After I remembered the sexual abuse, but before I remembered ritual abuse, I worked a lot with self-hypnosis. It told me nothing new about my past but it helped me deal with the feelings that had been buried so long. That was okay; I wasn’t looking for more information. I was trying to absorb what I already had learned, which was far more than I ever wanted to know.

An early phrase that came up was “If I could write with blood…” which meant, or I thought it meant, was that the intensity of writing in blood would drive home the meaning of what I wanted to communicate.
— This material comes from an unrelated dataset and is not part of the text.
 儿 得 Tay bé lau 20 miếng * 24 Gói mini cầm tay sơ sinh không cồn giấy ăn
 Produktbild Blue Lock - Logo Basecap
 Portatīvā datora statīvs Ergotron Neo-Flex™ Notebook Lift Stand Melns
Like taking somebody by the shoulders, shaking them, and yelling, “Listen to me!!!” At the time, I had no idea what I wanted to say, I just knew I wanted a really powerful way of expressing myself.

A few days later I took out pencil and watercolors and started sketching my hand. It was as if the painting painted itself — it was like one of those coloring books from my childhood where you went over the page with a wet brush and a picture magically appeared. (Wonder if that kind of coloring book is still available?) My mind was blank as I did this.

I have never cut my wrists, and so there are no scars. But I was painting a scar — saying that my pain was so great that I wanted to, or could have, or might just as well have tried to kill myself. And the red? Is it blood, or flames, or both? I didn’t know then and I don’t know now. But it surely signifies injury and pain and it surely is intense.

Painting on my wrist is telling, if not in words, and the real scars that many of us carry are an intense, compelling way of telling. It is so sad that people cannot understand what we are saying when we hurt ourselves or even that we are trying to communicate something deep and awful. At times we ourselves cannot understand that we are trying to talk about what happened to us.

We have to find a way to translate our actions into words, and then we can make sense of why we hurt ourselves and forgive ourselves for trying to speak in the only way we had at the time.